No obstante, a pesar de escudarse en el objetivo de reducir el gasto público dedicado a los partidos, el resultado sigue siendo que en España los partidos dependen esencialmente, y sin distinciones ideológicas, de la financiación pública (ver gráfico 1). Por el contrario, el peso de la financiación propia y de la privada es muy limitado. Lo que no quiere decir insignificante.

Este es uno de los factores que probablemente más condiciona la estructura de incentivos para que los partidos se transformen, se abran a la sociedad o se sometan a sus bases. Y sin cambiar ese punto, difícilmente podemos esperar una transformación de otros aspectos. Resulta demasiado contradictorio que los ciudadanos exijan más voz y representatividad a los partidos y a la vez se alejen de ellos y no contribuyan al coste de su funcionamiento.

El alejamiento entre ciudadanos y partidos parece ir paralelo a la conversión de estos en ‘agencias de utilidad pública’. Desde que podemos contabilizar los datos, de forma aproximada, la financiación pública no ha hecho más que aumentar, con pocas excepciones, a pesar de las llamadas de los propios partidos a contener el gasto. Como se ve en la Tabla 2, la aportación del Estado no ha dejado de incrementarse (a precios constantes). Sin ir más lejos, resulta especialmente llamativo que el acuerdo de 2007 para eliminar las subvenciones anónimas se saldó con un incremento importante de las aportaciones públicas. Todavía es pronto para evaluar el resultado de la última reforma de 2012.

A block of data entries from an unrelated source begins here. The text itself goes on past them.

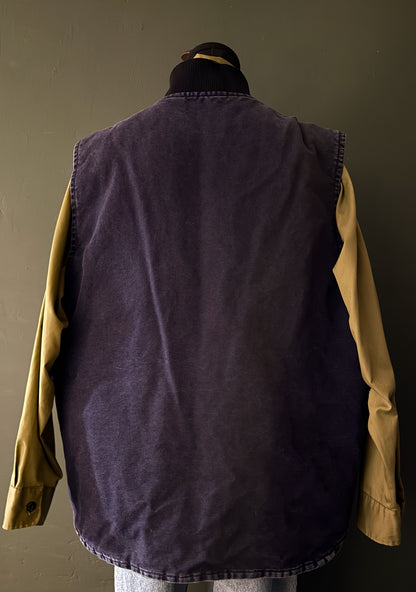 Carhartt Vest Navy Blue | Vintage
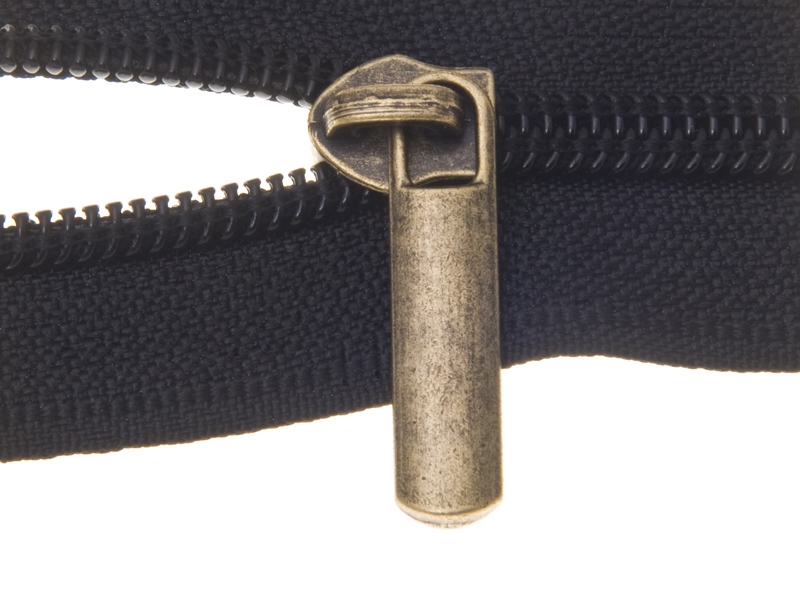 SLIDER FOR NYLON ZIPPER TAPES 5 NON LOCK OLD GOLD 50/500 PCS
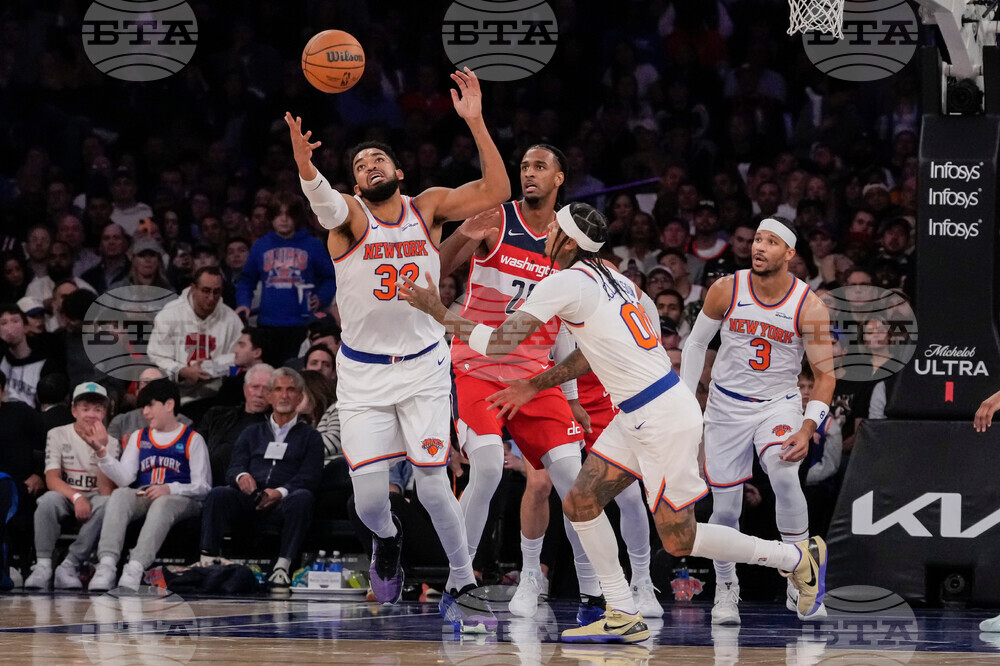 Wizards Knicks Basketball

Por otro lado, hay un elemento que apenas se ha tenido en cuenta en el debate político y académico: el uso de las instituciones autonómicas y locales para sostener la abundante financiación pública de los partidos. Aunque en ocasiones se ha tratado de afirmar que el gasto público se está conteniendo, debido a una moderación a la baja de las aportaciones de las instituciones centrales (lo que permite a los partidos argumentar que sus reformas están limitando el gasto electoral, etc.), la realidad es que esa contención se ha visto compensada con creces con el incremente vertiginoso del dinero público que reciben de las instituciones subestatales. La Tabla 2 muestra cómo el descenso de las aportaciones de la Administración central se están viendo substituidas por las que provienen de las instituciones autonómicas y locales. Como consecuencia de ello, desde 2000, los partidos ya reciben más dinero de las instituciones subestatales que de las instituciones centrales.

Esto nos señala otra debilidad de los partidos, relacionada con la financiación: el reforzamiento de las elites territoriales, que controlan las fuentes de financiación en ascenso. Creo que se ha llamado poco la atención a este fenómeno y a sus consecuencias.

Suele justificarse esta enorme ‘inversión pública’ en los partidos por los principios de equidad en la competencia y de limitación al dinero interesado (el privado). No obstante, hay que recordar que, mientras se daba esta dependencia del dinero público, Bárcenas & co no dejaban de buscar más aportaciones y de distribuir sobres a gogó. Como sugeríamos al principio, la realidad nos ha enseñado que una cosa no evita la otra.

Debemos tener en cuenta esta realidad cuando hablemos de la democracia internas en los partidos. Todo esto tendrá implicaciones para las primarias. Algunos estudios en curso, a nivel comparado europeo, ya alertan de que la celebración de las primarias en muchos partidos de estructura tradicional les está generando nuevos problemas de financiación, lo que les lleva al dilema: o más financiación pública o entrada masiva de dinero privado, oficial u oficiosamente. Este dilema llegará a España en cuanto empiecen a celebrarse primarias en serio y con continuidad.

Alguna vez he oído argumentar, con eficacia, cómo la protección del Estado a la Iglesia católica en España (a través de una jugosa financiación pública) le ha dado muy pocos incentivos a esta para adaptarse a los cambios de la sociedad, como sí ha sucedido en otros países. Creo que se da una situación parecida en los partidos políticos españoles (y en otros países): cuando el recurso de los partidos a la financiación pública se convierte en la forma de substituir la pérdida de apoyos sociales, simplemente estamos tapando el problema de fondo. Democracia con partidos débiles y con ciudadanos ausentes.